Tetapi jika, dalam perjanjiannya, tersangka tidak mengalihkan nama sertifikat kepada nama korban selambat-lambatnya 10 Desember 2019. Maka uang jaminan yang diserahkan oleh korban kepada tersangka CW harus dikembalikan utuh.
Akan tetapi, jelas Artanto, setelah uang jaminan sebesar Rp11, 889 miliar lebih atau 70 persen dari nilai jual tanah diserahkan korban melalui transfer rekening kepada tersangka CW pada 25 November 2019. Sejak 27 November 2019 hingga 20 Maret 2020 telah habis ditarik tunai ataupun transfer ke beberapa rekening oleh tersangka CW.
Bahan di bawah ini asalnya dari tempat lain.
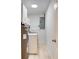 Well-lit laundry room with new washer and dryer at 1948 Jeffords St, Clearwater, FL 33764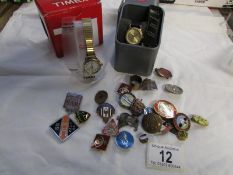 2 Ladies wrist watches and a quantity of badges including A.R.P., W.V.S., Primrose League, Crawfords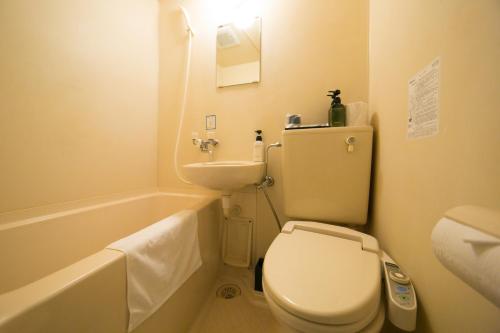 ein Badezimmer mit einem WC, einem Waschbecken und einer Badewanne in der Unterkunft HOTEL 910 in Ōita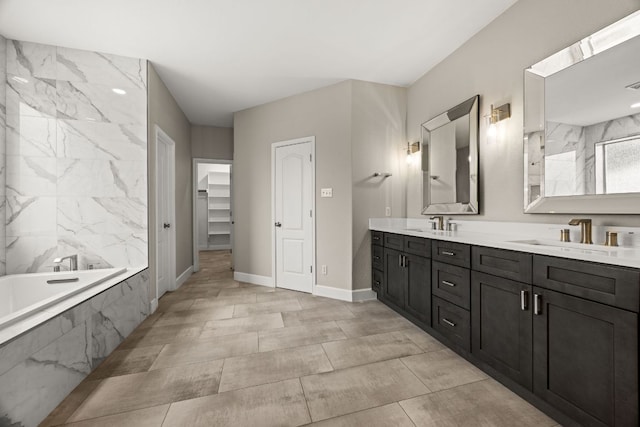 bathroom with double vanity, a bath, baseboards, and a sink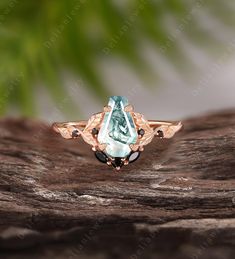 an aqua and black diamond ring sitting on top of a piece of wood with leaves in the background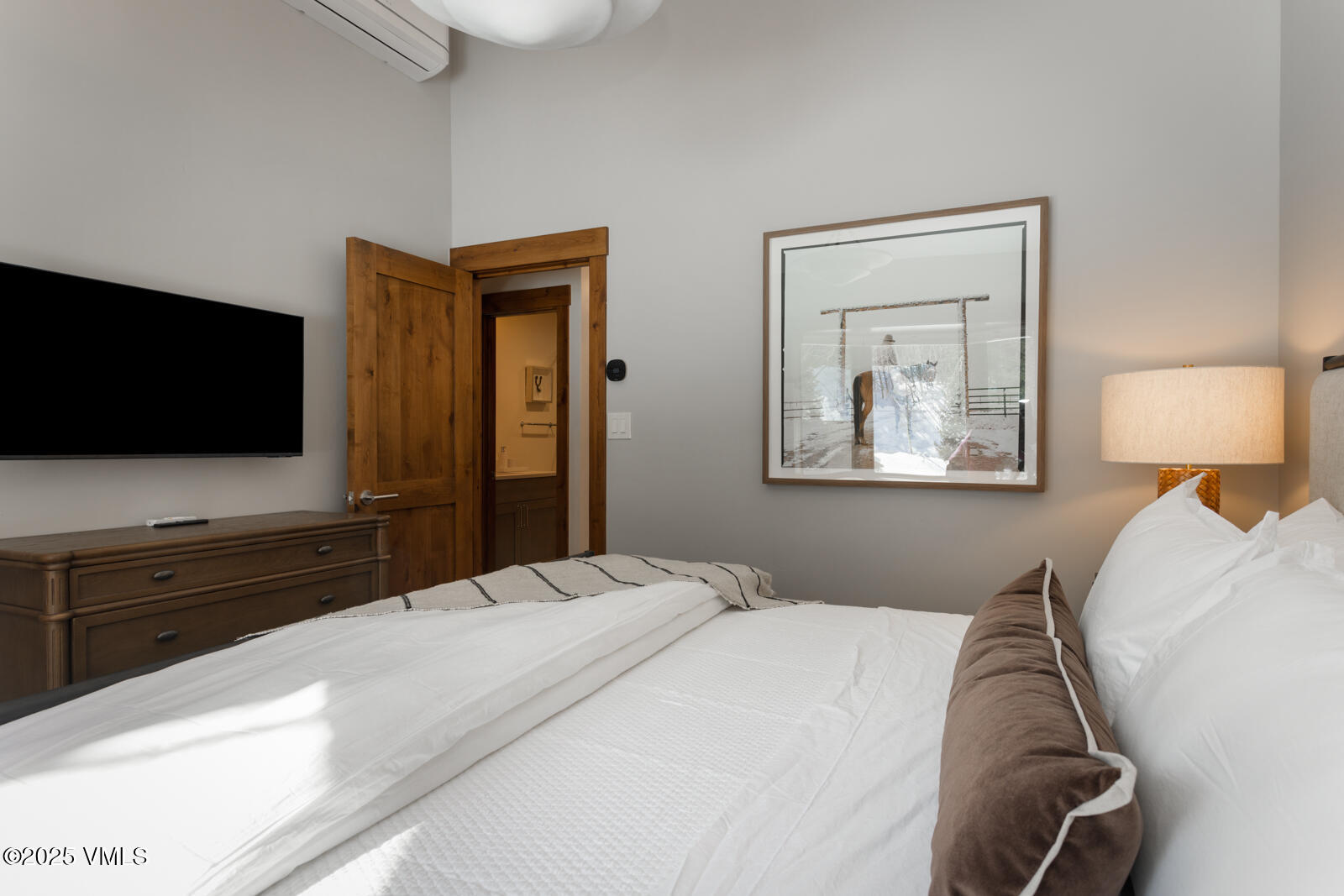 1670 Fallridge Place, Unit C11 Vail, CO 81657 - Photo 25 of 39 a bedroom with a bed and a flat screen tv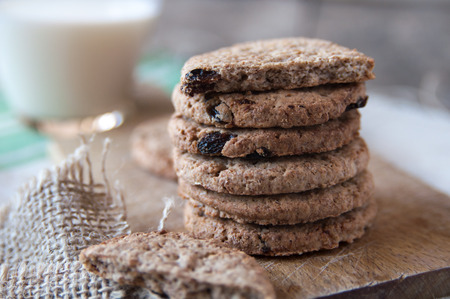 chocolate chip cookies and milk on wooden tableの写真素材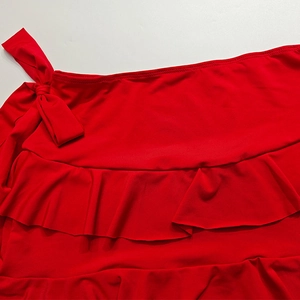 Dettaglio di minigonna rossa a balze con fiocco laterale in tessuto elastico lucido
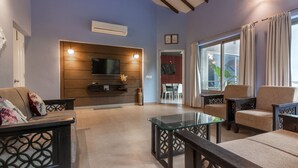 A modern living room with a flat-screen TV mounted on a wooden wall, a glass coffee table, and comfortable seating. - Luxury villa Diva Goa (Calangute)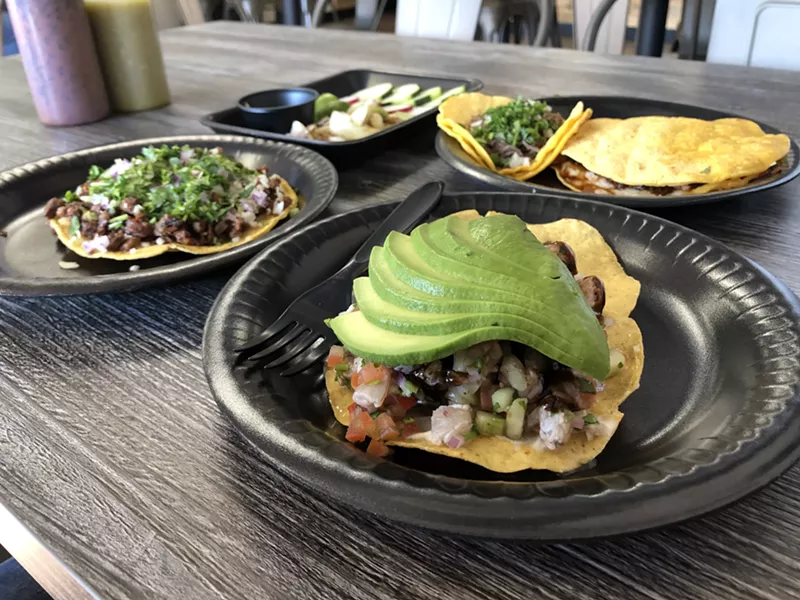 Image: Carne asada vampiro, cabeza taco, birria mula, and ceviche tostada (front).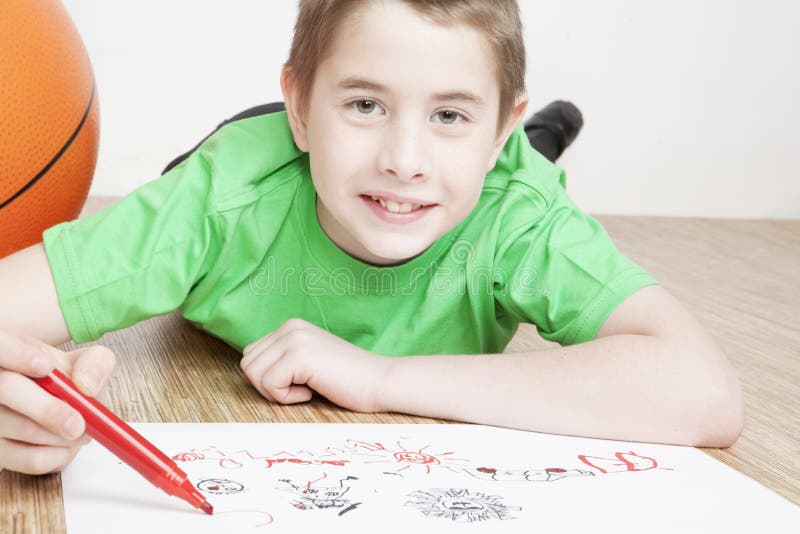 Portrait of beautiful smiling boy drawing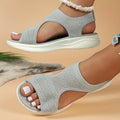 Breathable comfy flat sandals for women with open toe, lightweight, skin-friendly rubber sole.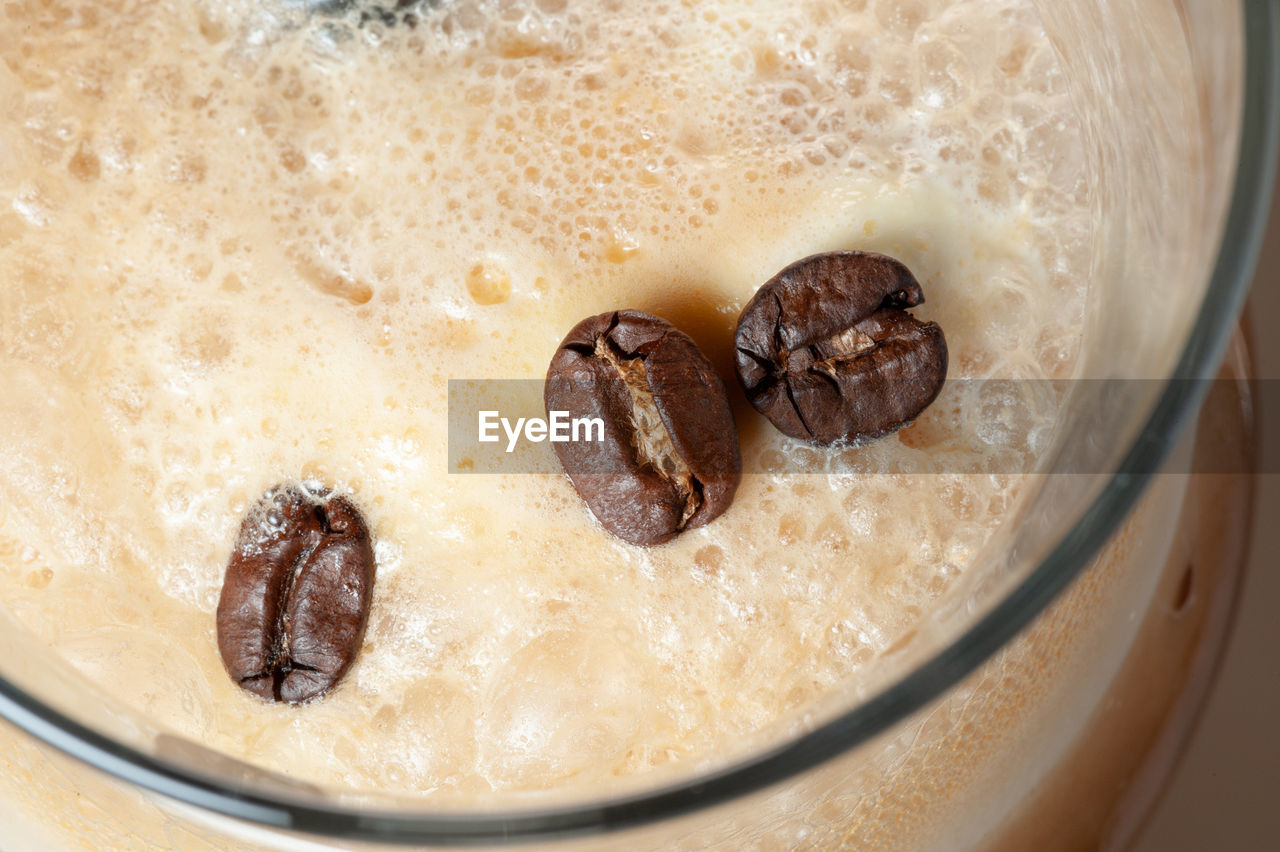 Coffee seeds on cream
"Uang tersebut oleh tersangka CW habis untuk bayar hutang, beli tanah, transfer ke rekening tersangka LB dan LB menarik tunai dan mentransfer kembali ke rekening lain. Sehingga uang senilai 70 persen tersebut tidak disimpan sebagai jaminan oleh tersangka melainkan digunakan untuk keperluan tersangka,"jelas Artanto.
Ternyata hanya seluas 269,50 are saja luas tanah yang bisa dialihkan nama pemilik dalam sertifikatnya menjadi nama korban selebihnya tidak ada. Karena 27 bidang lainnya yang semula dikatakan milik tersangka LB, ternyata milik para warga desa setempat.